滅亡

巴金の中編小説にして処女作。彼がフランス滞在中に書き上げた。もともと発表の予定は無く、親しい者だけに読んでもらうつもりで原稿を上海に送ったところ、雑誌「小説月報」に採用され、彼の生涯に渡る作家生活の幕開けを作った。
物語は、知識人青年の杜大心が、愛や幸せや革命への希望を打ち砕かれて滅亡するまでを描く。杜大心のモデルは巴金本人であり、当時の彼の苦しみが作中にも反映されている。
 巴金の素晴らしさは、愛を大きなスケールで語るところだと思う。単なる男女個人の恋愛にとどまらず、隣人愛とか、兄弟愛とか、人類愛とか、作品の根底にはいつも愛があって、愛するがゆえの苦しみも沢山描かれる。
 杜大心は、彼の思想を愛したために殉死した隣人へ報いるため、彼を愛してくれる女性を振りきり、死を選択する。彼の死に対し、女性はまた愛で報いる。作中の死は不自由な社会による無慈悲なものだけれど、だからこそ精一杯に愛を選択する人々の生き様は美しく、また悲しい。
 とにかく読んでいて苦しくなる作品ではある。
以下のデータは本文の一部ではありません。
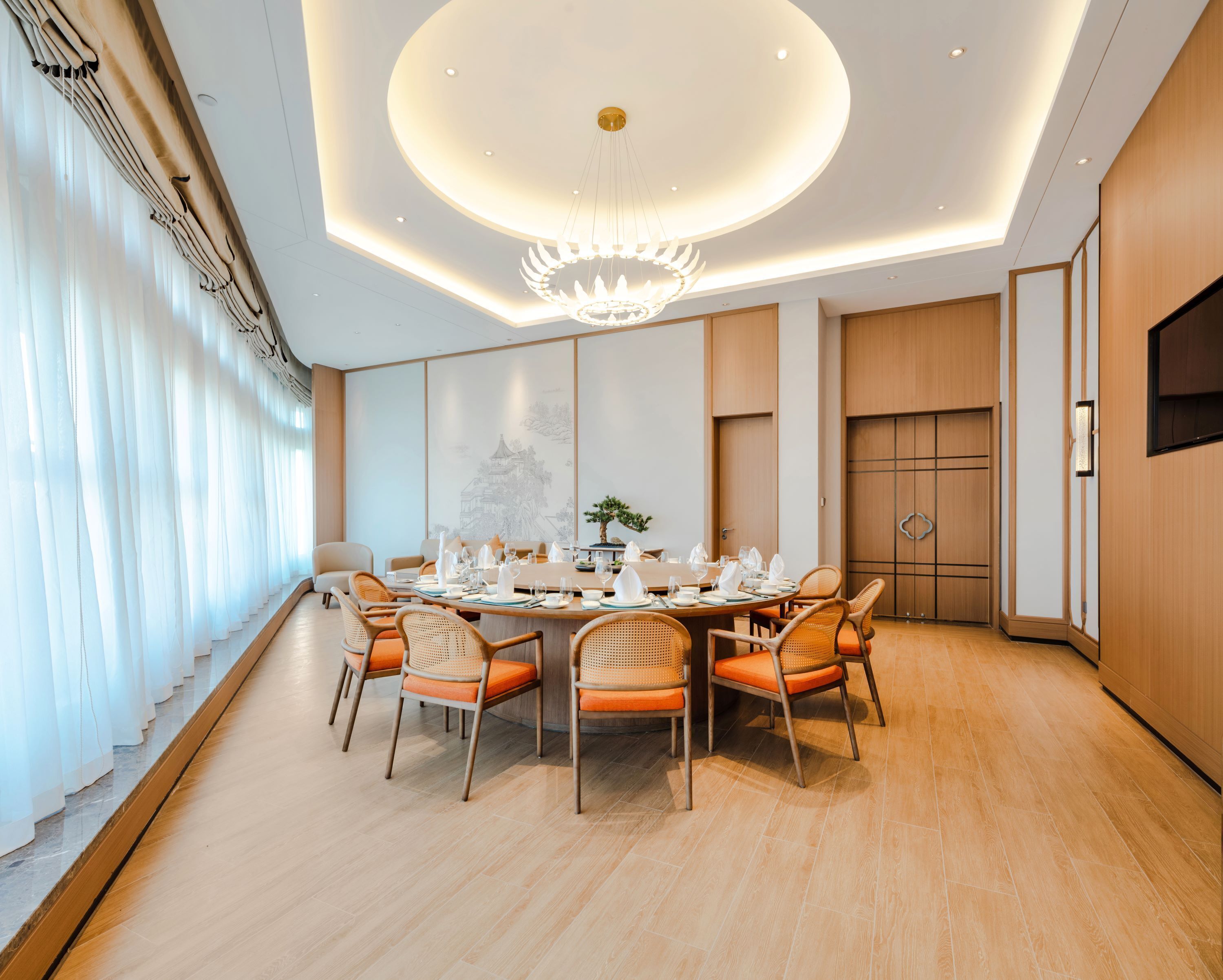 A modern dining room with a round table set for six, surrounded by wicker chairs.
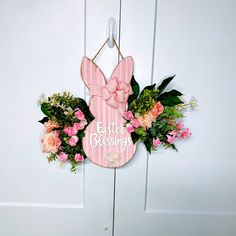 a pink bunny door hanger with flowers and greenery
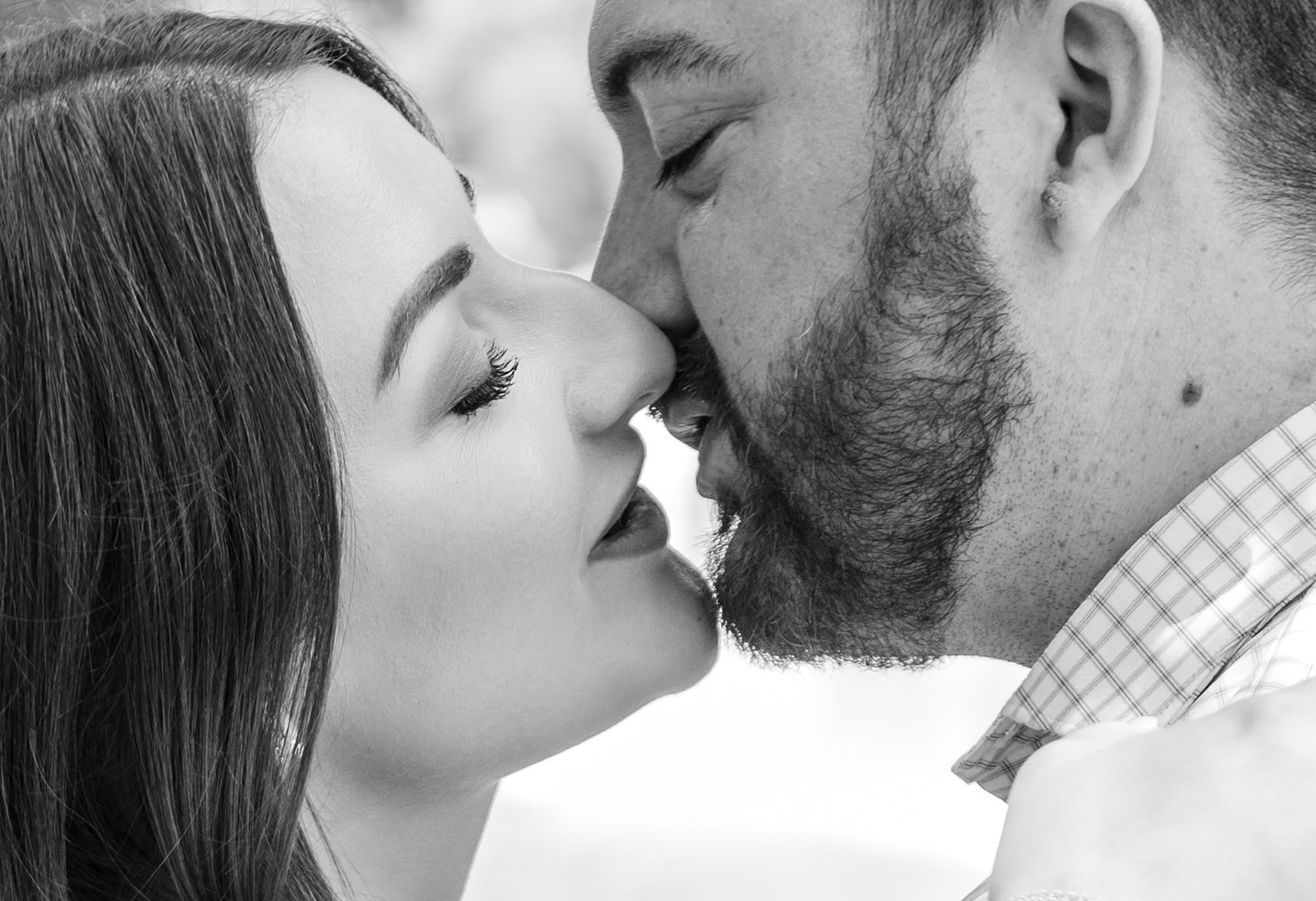 An engaged couple leans in for a kiss in this close up black and white portrait.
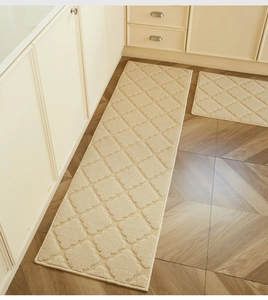Detail view of cream kitchen rug set with geometric patterns on herringbone wood floor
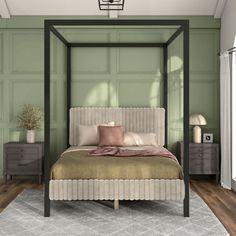 a bedroom with green walls and a four poster bed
特に血気盛んな若い頃とかにこういうのを読んでしまうと、理想の社会の有り様とか、愛と憎しみの正体とか、そういった人生のままならないことについて深く考え込まされてしまうのは間違いない。まあそんな力がみなぎっている作品。社会とか人間の捉え方には大きな理想を抱きすぎていて、そこがちょっと青臭くもあるけれど、巴金は郁達夫や郭沫若みたいに変なひねくれ方をしていないので笑、すんなり読めると思う。

 悲しいことに翻訳は滅茶苦茶古いものしか残ってない。たまたま古書店で見つけたので、買って読んでみた。ちなみに本作は「死去的太陽」「新生」と会わせて革命三部曲とも呼ばれる。是非新訳として刊行して欲しいものだ。